The strident, sometimes shrill Richard Dawkins of popular culture and social media is nowhere to be found; our narrator has something nice to say about almost everyone (certain creationist preachers notwithstanding), and remains humble in spite of his fame and the honors and accolades heaped upon him. But this memoir doesn’t dish any dirt or provide much introspection. Dawkins reveals very little about himself and virtually nothing about others.
Dawkins is famous as a prose stylist, and his tone here is informal, chatty, and easy to read, even when he’s talking about complex ideas. He is a charming and charismatic narrator. But there are a few quirks that aren’t for everyone.
He digresses, and digresses upon his digressions. Although he’s upfront about it, and talented enough to make it work, parts of the book read as stream-of-consciousness. He quotes at length from other sources: introductions to other books, speeches, and lectures, and so on. To make these tics less annoying than they otherwise would be, I imagined having a conversation with Dawkins in his study, as he grabbed books off the shelf to make his points, exclaiming, “See here!” This helped a bit.
I daresay that many people who know of Dawkins only casually think of him primarily as a vocal atheist. But he is, most fundamentally (no pun intended), a popularizer of science, something he’s done for many years through a variety of media, perhaps most notably in his best-known book, The Selfish Gene. Indeed, the endowed (by former Microsoft executive Charles Simonyi) chair Dawkins held at Oxford University is in “Public Understanding of Science.”
Yet one of the most interesting parts of the book is an incisive stylistic critique Dawkins receives from Neil DeGrasse Tyson, who tells him: “Being an educator is not only getting the truth right, but there’s got to be an act of persuasion in there as well. Persuasion isn’t always `Here’s the facts, you are either an idiot or you’re not.’ It’s `Here’s the facts, and here is a sensitivity to your state of mind.’ And it’s the facts plus the sensitivity…that creates impact. And I worry that your methods, and how articulately barbed you can be, end up simply being ineffective.”
Dawkins includes the criticism, at even greater length than I’ve quoted here. But he doesn’t tell us what, if anything, he learned from it. That the most rational argument doesn’t always win is a painful truism, but it’s accepted by people who’d like to achieve a desired outcome rather than merely argue. (Those of us whose occupations intersect the main business of our nation’s capital can certainly vouch for this.) Can anyone be effective at helping the public understand science if they don’t take the time to understand the public?

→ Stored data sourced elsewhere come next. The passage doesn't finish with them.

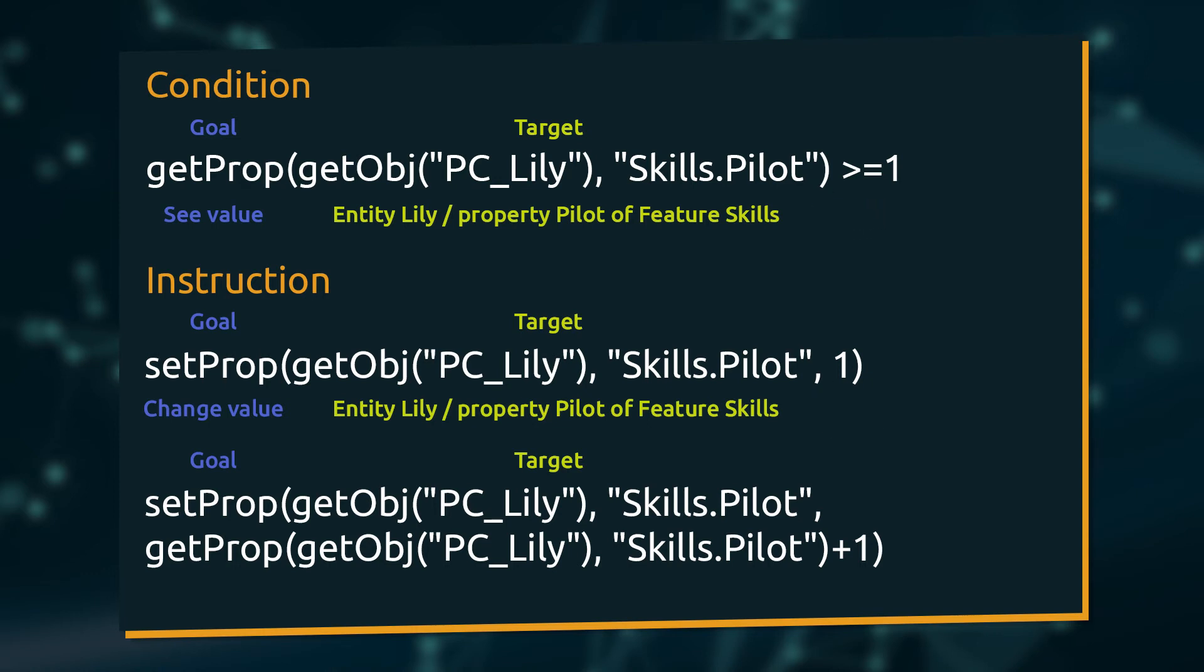For a condition, the getProp expression is complete at this point. What we still need to do is add the comparison part to have a statement that will either give a true or false result. If at the current time Lily has one point assigned to the pilot skill, this condition will return true. The setProp expression needs a third part.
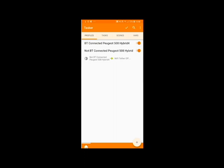So what you'll do is make sure you're in the Profiles tab, not in the Tasks, Scenes, VARs, etc. You want to specifically be in the Profiles tab.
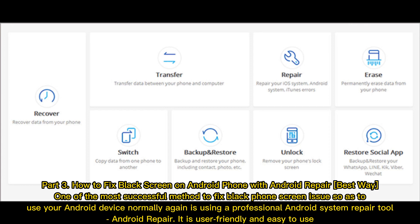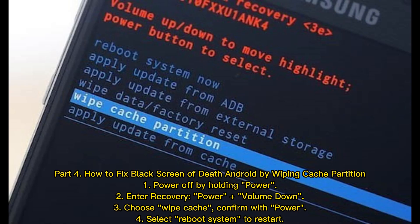Part 3 — How to fix black screen on Android phone with Android Repair. One of the most successful methods to fix the black phone screen issue, so as to use your Android device normally again, is using a professional Android system repair tool called Android Repair. It is user-friendly and easy to use.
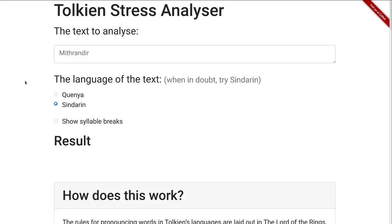Hi! This is a video to demonstrate a tool that I built, which I call the Tolkien Stress Analyzer. The purpose is to tell you where the stress goes in a word or text in one of Tolkien's languages, because I found that to be a sometimes annoying or frustrating thing to figure out while reading The Lord of the Rings or other books by Tolkien.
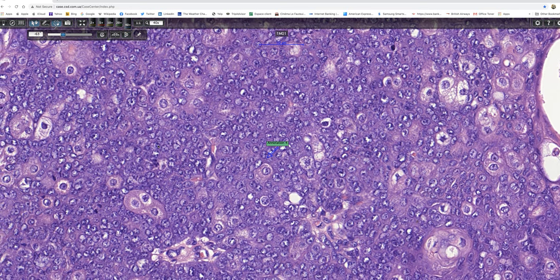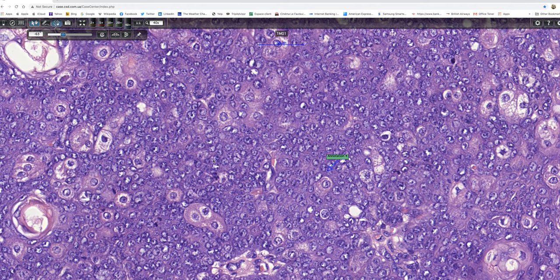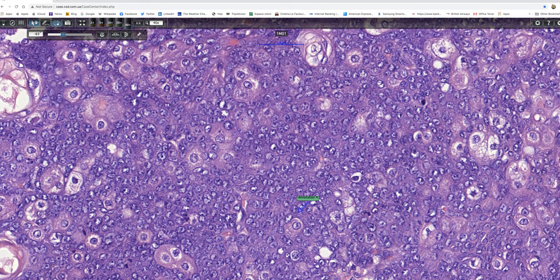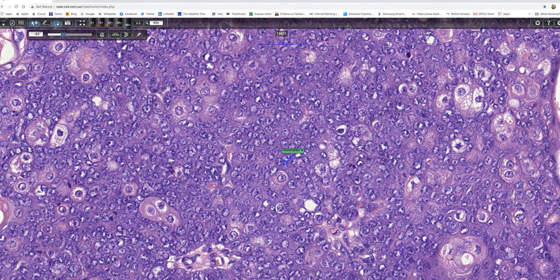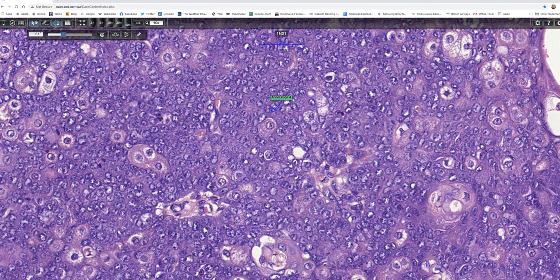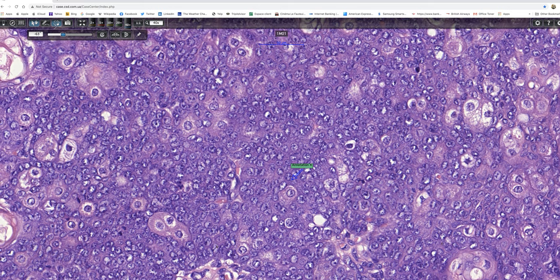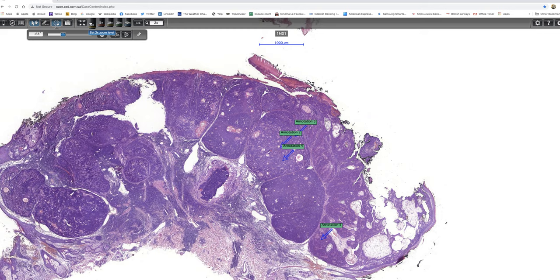This field was just to show some nuclear pleomorphism and conspicuous nucleoli, and there's another mitosis there. As I've said, in the overall scheme of things, mitotic activity doesn't separate sebaceoma from sebaceous carcinoma very easily. But I think this is a fascinating tumour.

And so I return to my original question, about whom I’d recommend this book to. It’s not a good introduction to Dawkins for those not already familiar with him. It doesn’t break new ground in terms of ideas. Nor does it tell us much we didn’t already know about Dawkins or those he’s interacted with. It’s as described: skillfully relayed anecdotes full of wit.
So the answer is: I’d recommend Brief Candle in the Dark to fans of Richard Dawkins. Maybe that’s an acceptable place for a memoir to land, but given the breadth of knowledge and experience of the author, it’s disappointing.
Josh Trapani is a scientist turned policy wonk and former managing editor of the Independent.